対面でもオンラインでも、生徒さんはお金や時間を投資してレッスンを受けてくださるわけですから、私としても何かしら“益”を持ち帰っていただきたい。生徒さんに「これだけはできた」という達成感を得ていただくことを目標にしています。

それがその方にとっては、単語や文法の理解かもしれないし、英語を話せるようになったことの喜びかもしれない。なにかしらつかめるものがあって、願わくはその人のモチベーションを上げることができれば、講師としては本望です。

私は今70歳ですが、このままずっと教えていたいですね。やはり、こうやって自分が社会に参加してバリバリ働けることに、生きがいもやりがいも感じますし、本当に幸せを感じます。

どんな仕事も大変なことはつきものですが、私はなるべくポジティブな面を見るようにしています。ネガティブな面も見ようと思えば、いくらでも見られます。でも自分のできないことを見るより、できたことや今できていることなど積極的な面を見て、喜ぶほうがずっといいですよね。ここまでできた、もうちょっとできるかも、って前向きになれる。

それは英語の学習でも人生でも同じことだと思います。

日高 由記(ひだか・ゆき)
英会話イーオン 非常勤講師

1950年生まれ。
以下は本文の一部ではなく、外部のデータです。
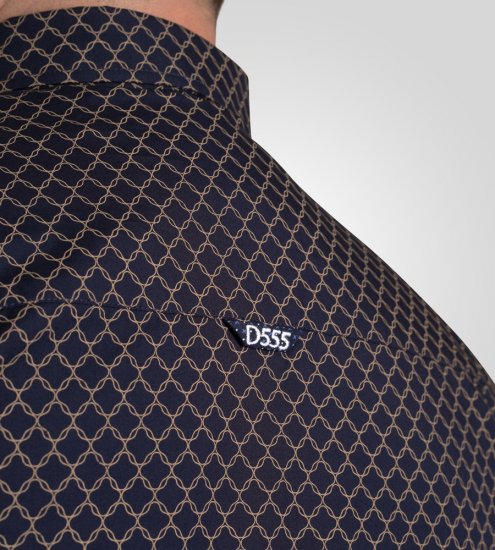 D555 Sheffield Long Sleeve AOP Micro Gold Shirt Navy - Chemises - Chemises Grandes Tailles Hommes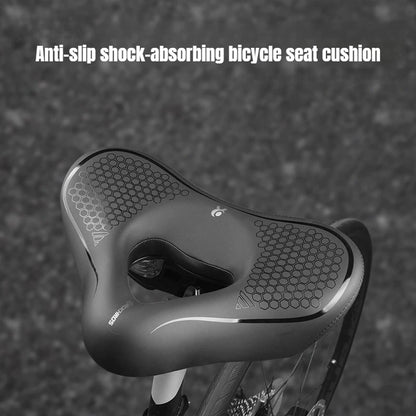 Bicycle Saddle Cushion - Wide Thick Shock-Absorbing Comfortable Seat for MTB, Touring & E-Bikes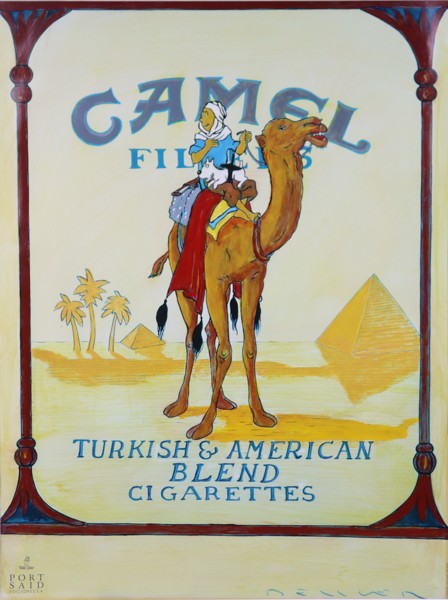 Poster/affisch, påmålat tryck, Camel Cigarettes , PORT SAID Ediciones, S.A. Spanien, Herge, Tintin version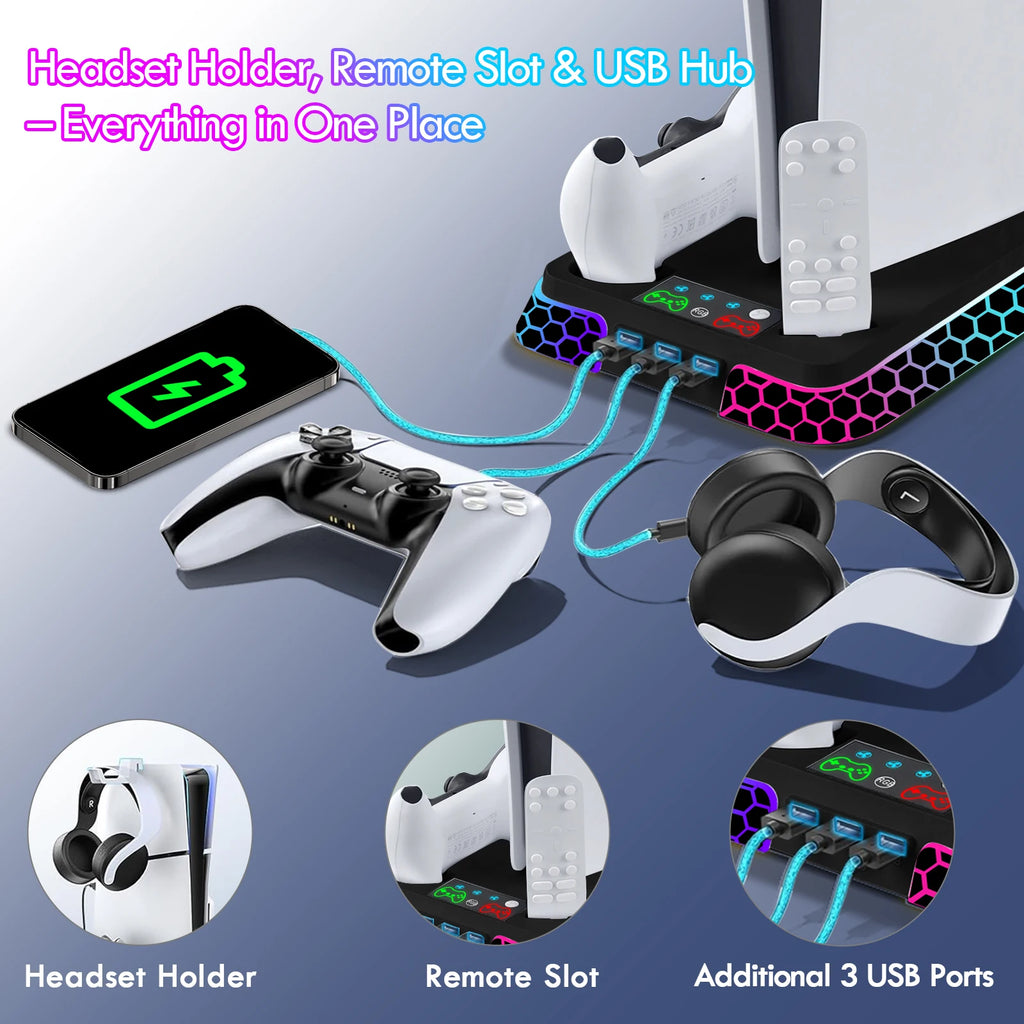 All-In-One Cooling Stand Base for PS5/PS5 Slim/Ps5 Pro Model: YH66S with RGB Lighting Effects, Storage Function and Controller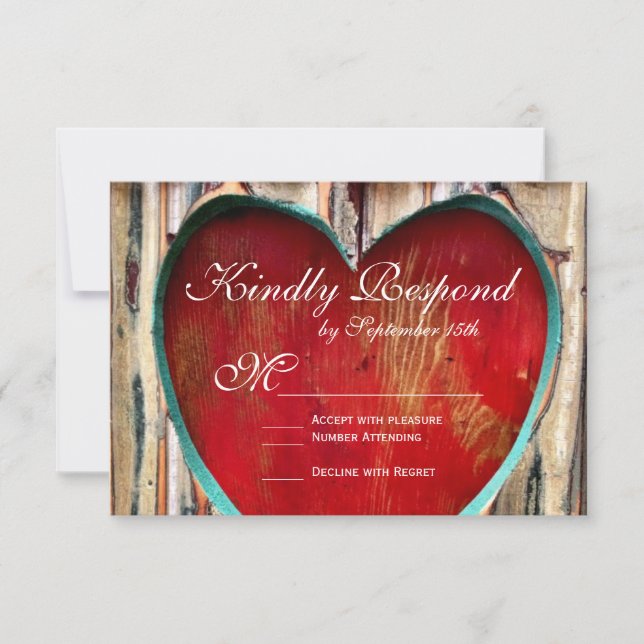 Cartes RSVP Rustic Wood Heart Mariage campagnard (Devant)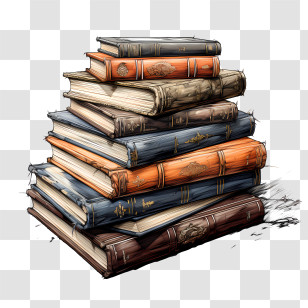 Stack Of Books - Stacked Books Sketch In Artistic Vintage Style Transparent PNG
大学を出たあと、20代から20年以上専業主婦として過ごし、40代半ばから英語を本格的に学び始める。2001年、51歳で英検1級、03年、53歳で通訳案内士の資格を取得。フリーの通訳案内士や専門学校の講師として活躍。06年、56歳の頃から英会話イーオン勤務。現在は吉祥寺校、高田馬場校にて週6日勤務している。